Print every entry exactly as it appears, but skip the pictures.
RECORDS TO USE below:
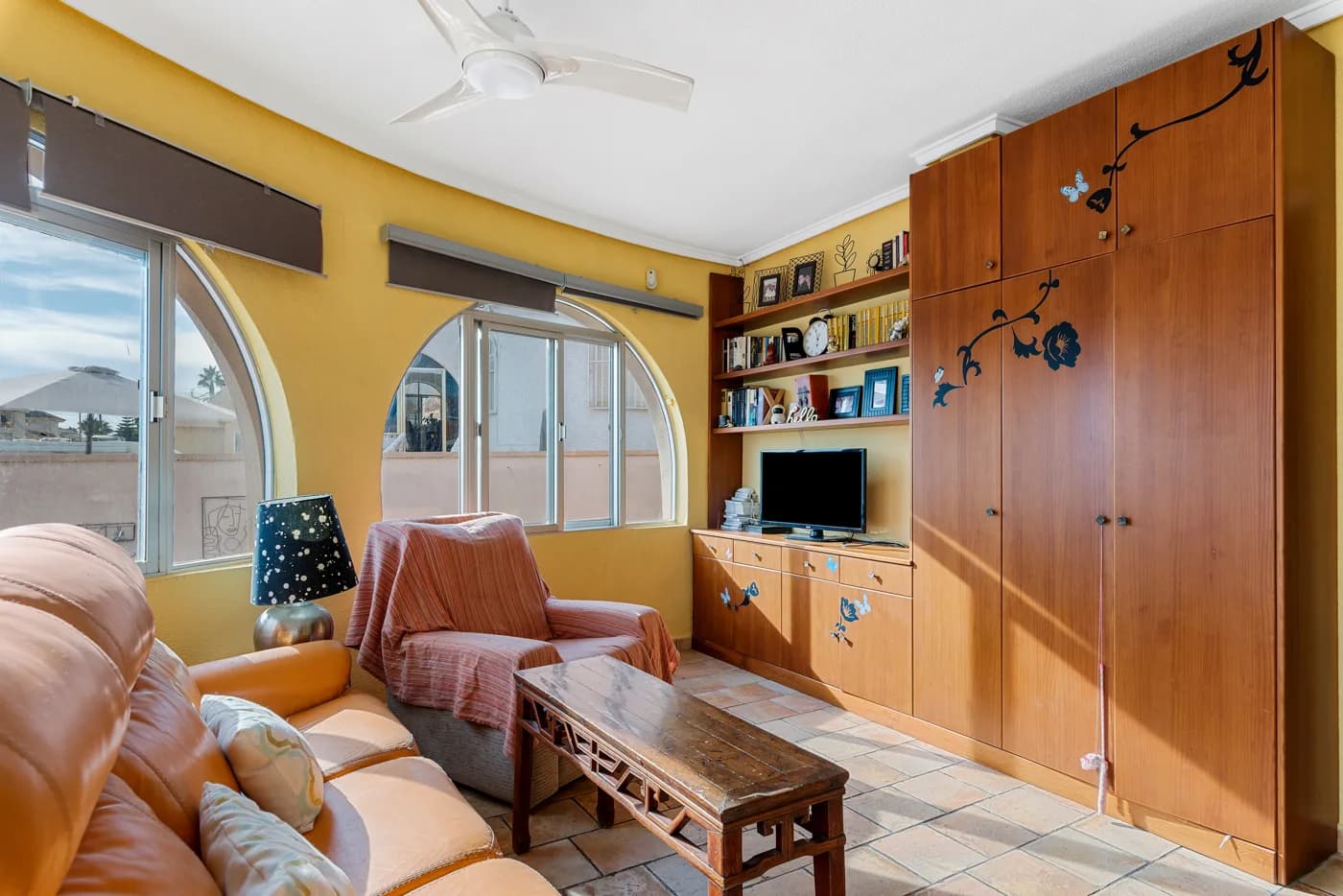 Villa de 4 dormitorios en venta en Ciudad Quesada - Rojales, Alicante - Image 4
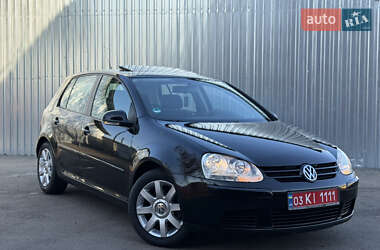 Хэтчбек Volkswagen Golf 2006 в Березане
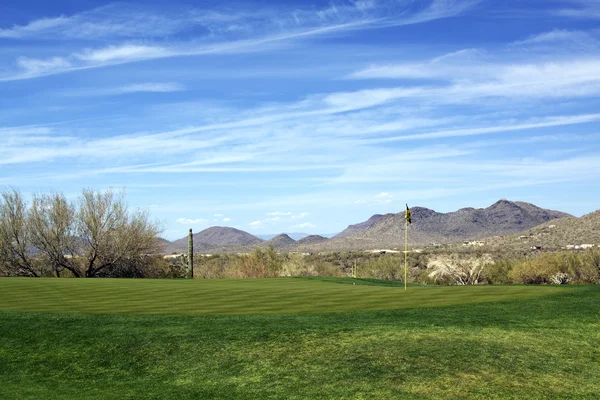 Naturskön golfbana i arizona — Stockfoto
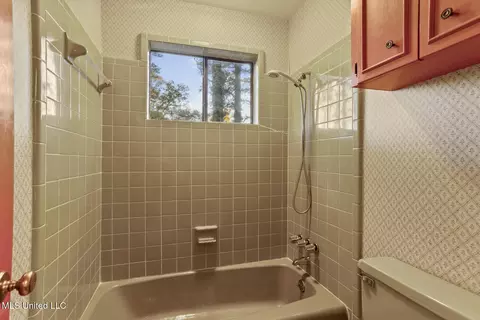 Bath - 2060 Sheffield Dr, Jackson, MS 39211 photo 2 of 4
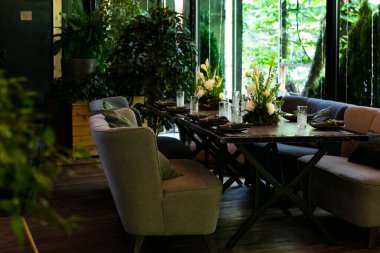 Eko ve kırsal tarzda güzel ve şenlikli bir masa.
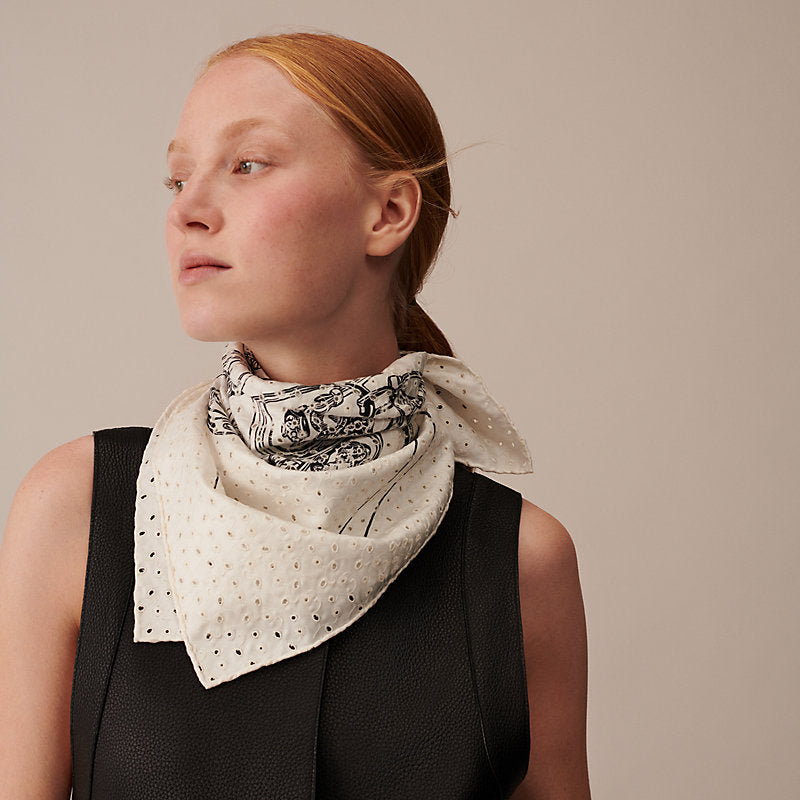 Brides de Gala Broderie Anglaise scarf 70
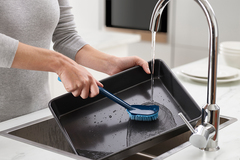 Щетка для мытья посуды CleanTech с запасной насадкой синяя Joseph Joseph 85157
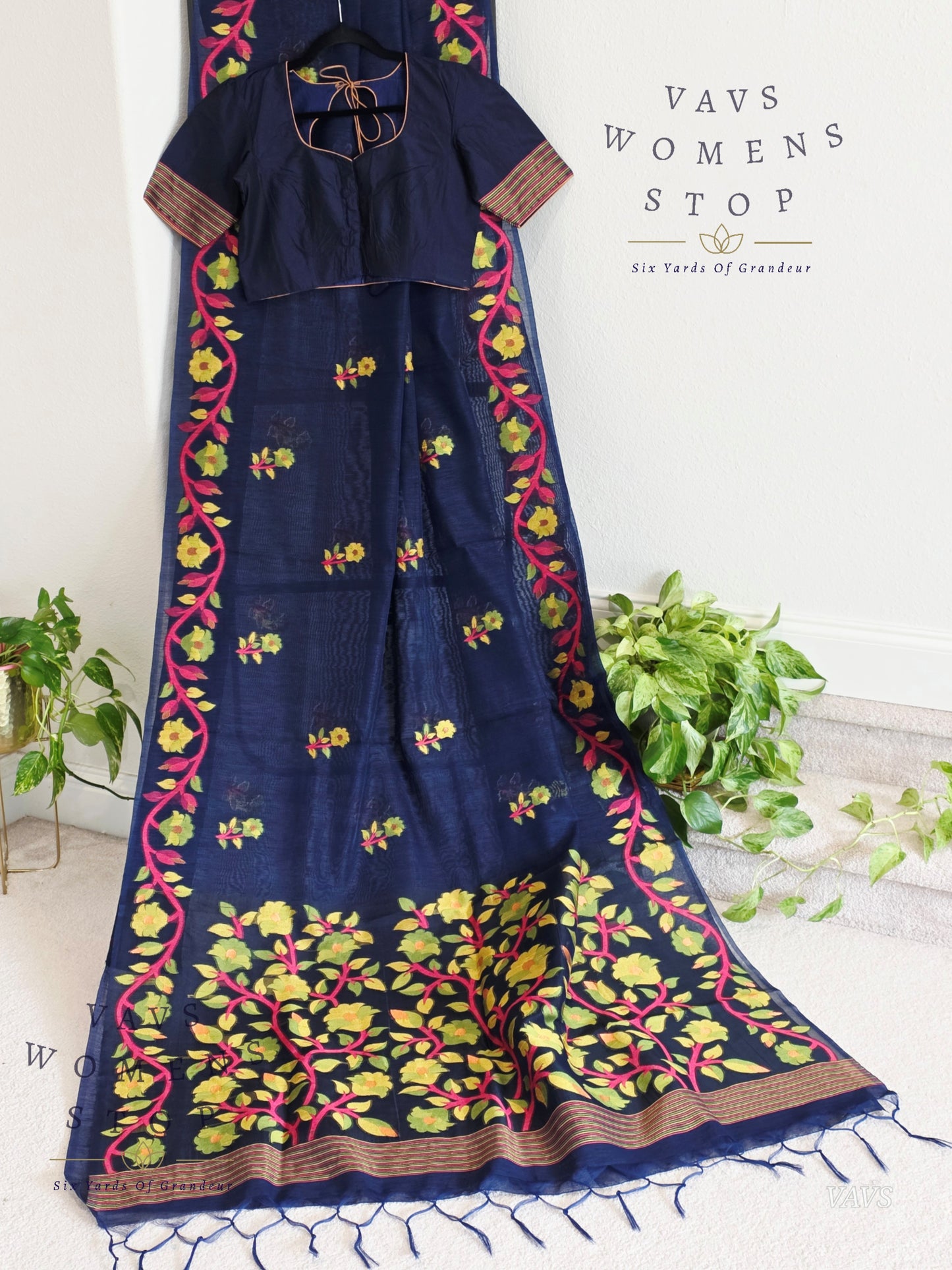 Semi Matka Silk Jamdani Saree with stitched Blouse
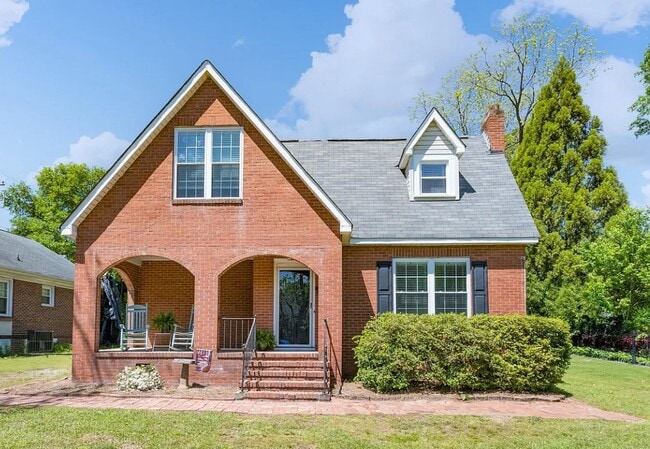 Building Photo - Exclusively Offered By Muse Realty LLC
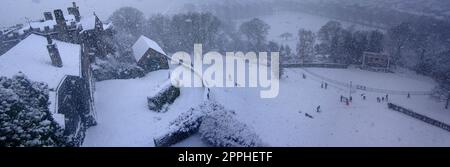 Die Bewohner von Clitheroe genießen den Schnee auf dem Schlossgelände, Ribble Valley, Lancashire, Großbritannien. Stockfoto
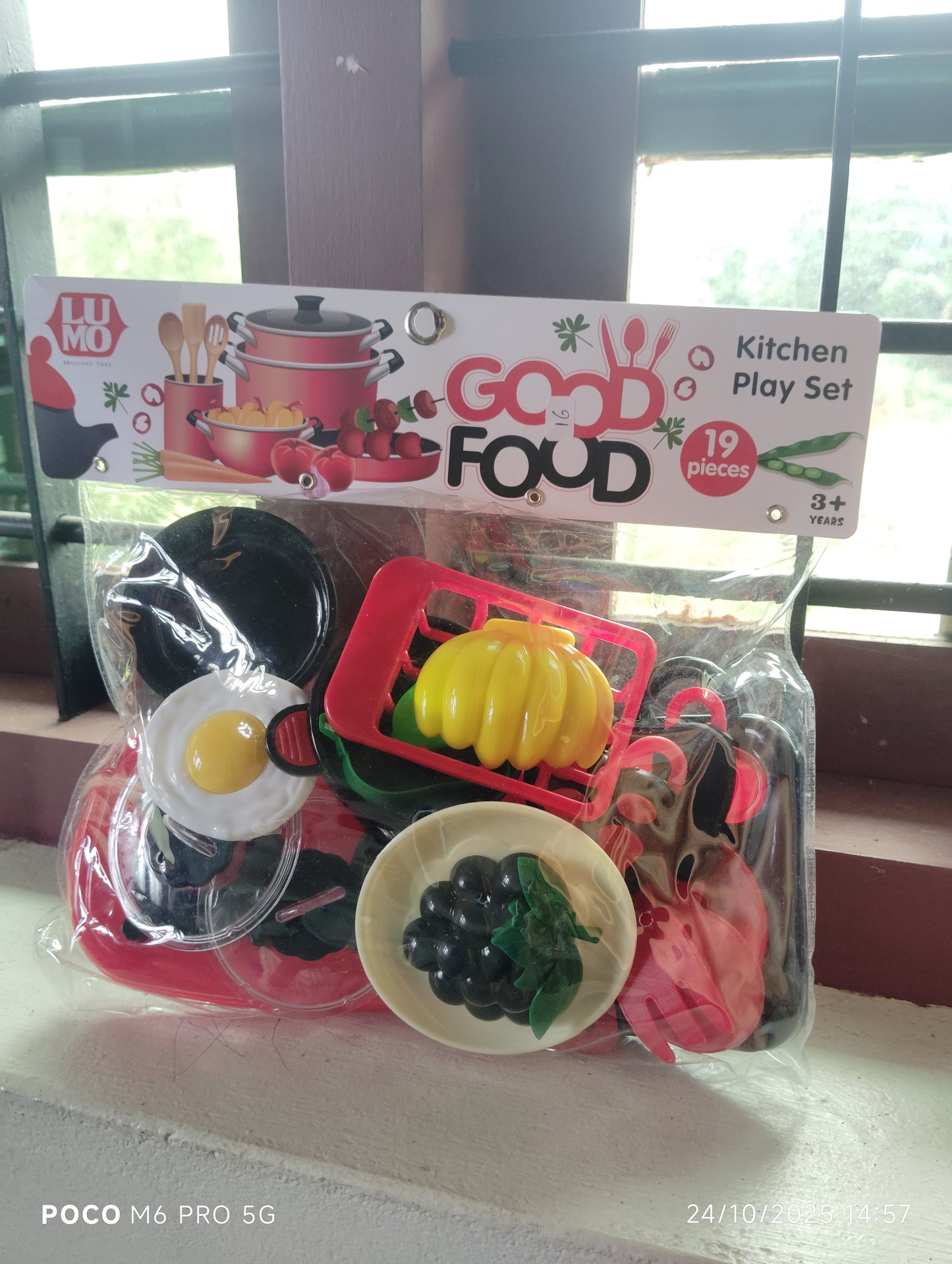 "GOOD FOOD" Children's Red Kitchen Role Play Toy (19 pieces)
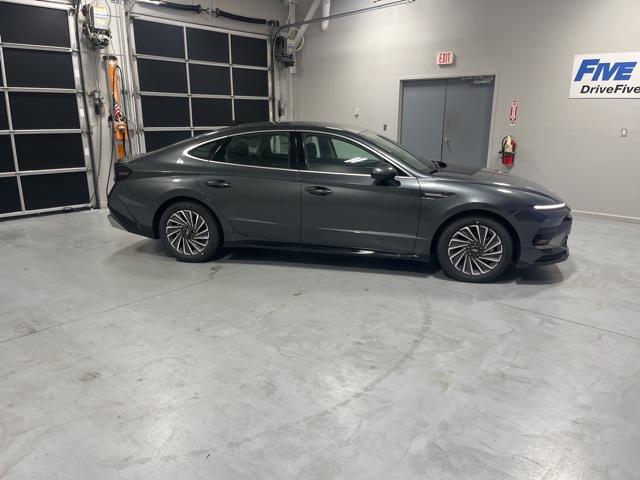 2025 Hyundai Sonata Hybrid SEL's photo
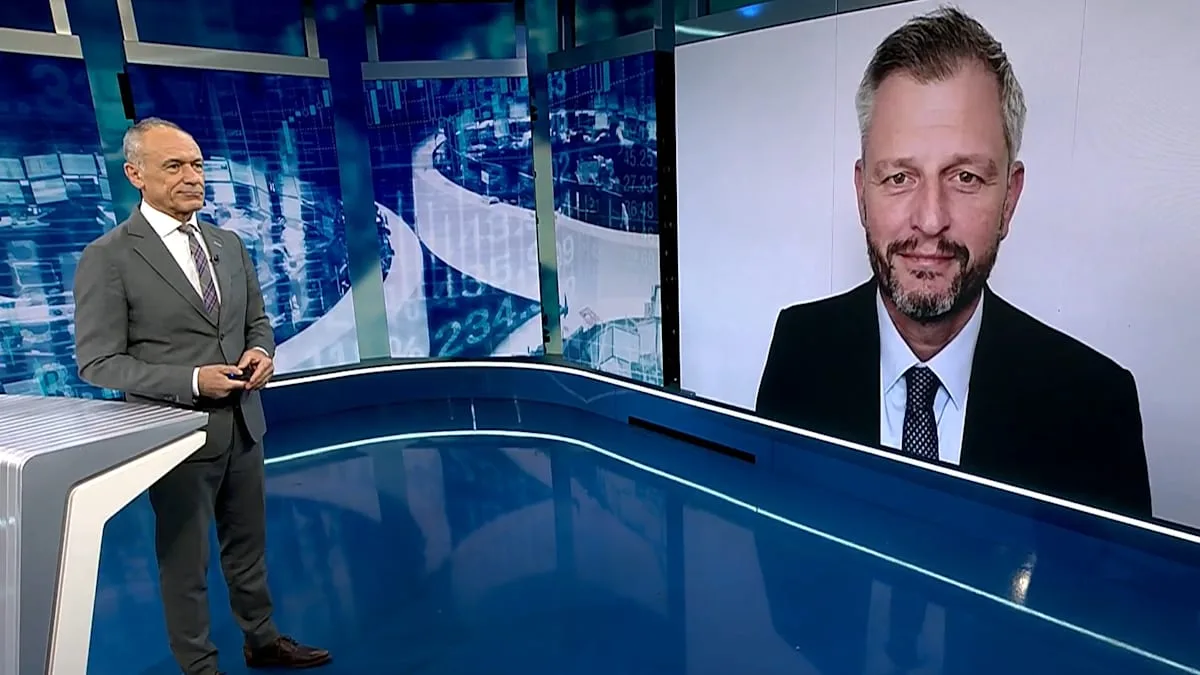 „Der Dax ist relativ stabil – beim Euro ist der Druck weiter nach unten intakt“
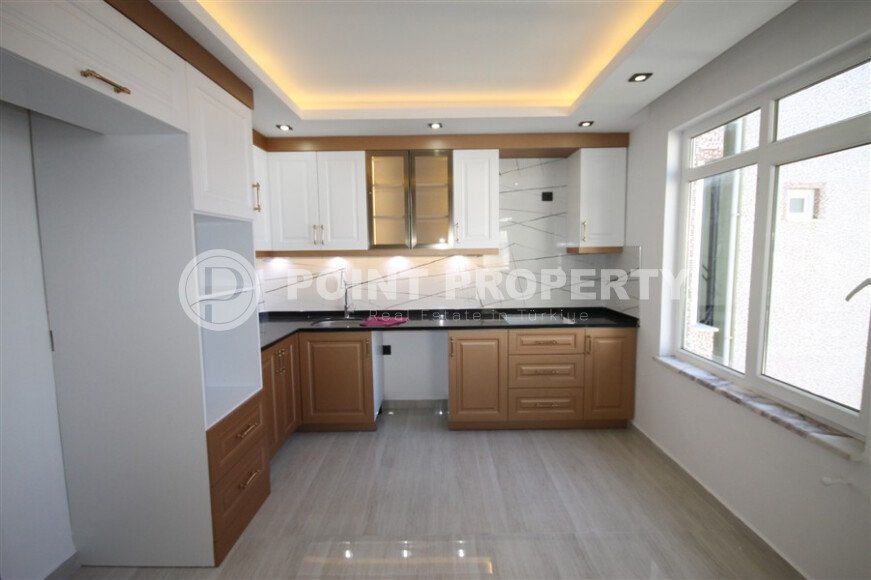 Семейная квартира 3+1, 160 м² в центре Аланьи с просторным балконом и камином-id-9564-фото-2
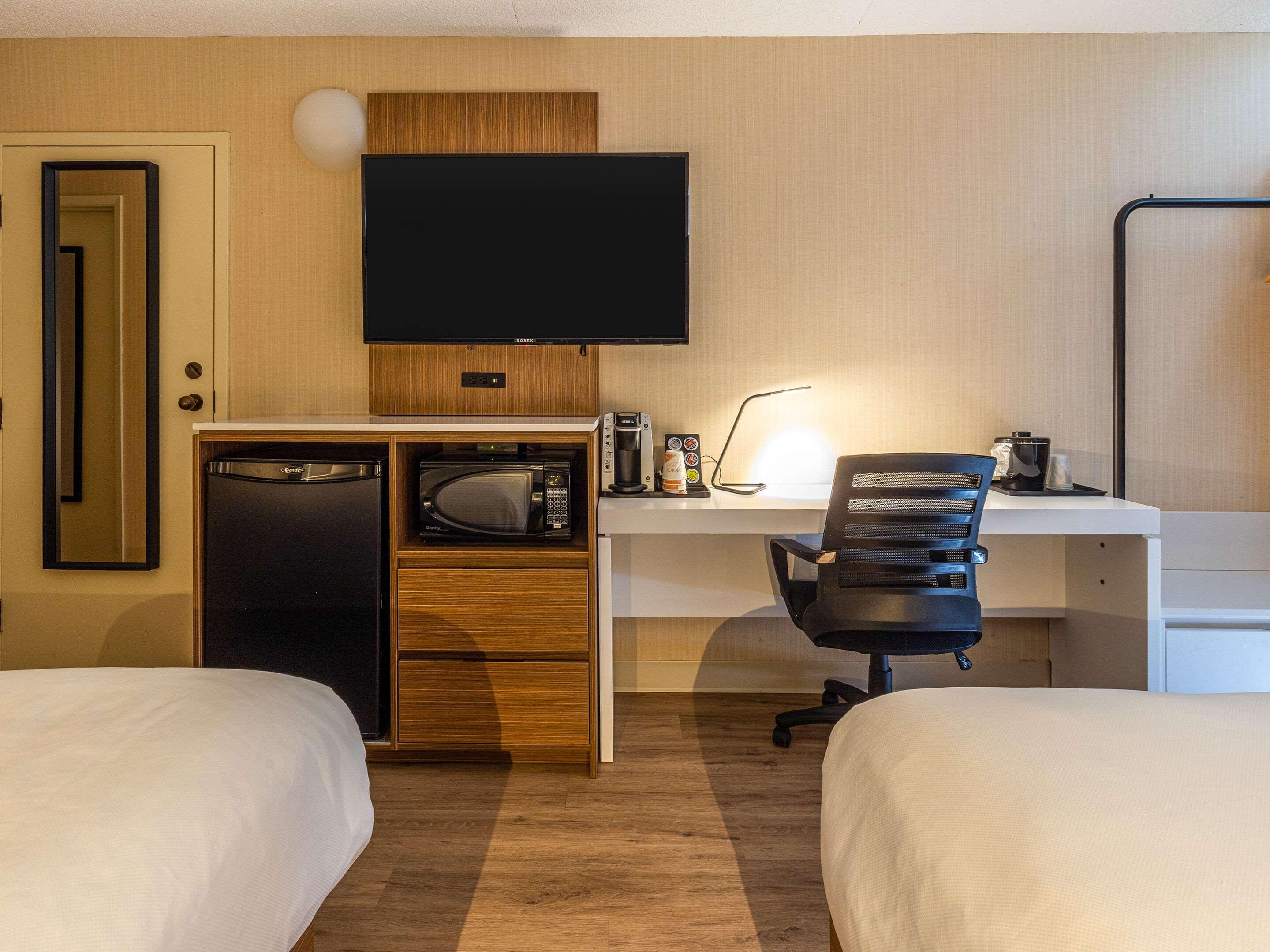 Comfort Inn Rouyn-Noranda Exterior foto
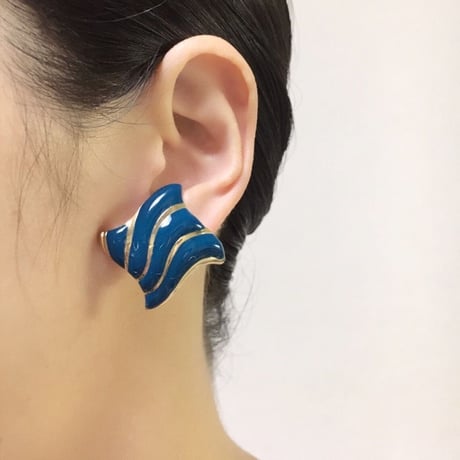 Special price【スペシャル プライス】 AVONエイボン ウェーブ ブルーエナメル イヤリング / ヴィンテージアクセサリー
End of RECORDS TO USE.
▶ **TASK RESPONSE**:
 Villa de 4 dormitorios en venta en Ciudad Quesada - Rojales, Alicante - Image 4
 Хэтчбек Volkswagen Golf 2006 в Березане
 Naturskön golfbana i arizona — Stockfoto
 Bath - 2060 Sheffield Dr, Jackson, MS 39211 photo 2 of 4
 Eko ve kırsal tarzda güzel ve şenlikli bir masa.
 Brides de Gala Broderie Anglaise scarf 70
 Щетка для мытья посуды CleanTech с запасной насадкой синяя Joseph Joseph 85157
 Semi Matka Silk Jamdani Saree with stitched Blouse
 Building Photo - Exclusively Offered By Muse Realty LLC
 Die Bewohner von Clitheroe genießen den Schnee auf dem Schlossgelände, Ribble Valley, Lancashire, Großbritannien. Stockfoto
 "GOOD FOOD" Children's Red Kitchen Role Play Toy (19 pieces)
 2025 Hyundai Sonata Hybrid SEL's photo
 „Der Dax ist relativ stabil – beim Euro ist der Druck weiter nach unten intakt“
 Семейная квартира 3+1, 160 м² в центре Аланьи с просторным балконом и камином-id-9564-фото-2
 Comfort Inn Rouyn-Noranda Exterior foto
 Special price【スペシャル プライス】 AVONエイボン ウェーブ ブルーエナメル イヤリング / ヴィンテージアクセサリー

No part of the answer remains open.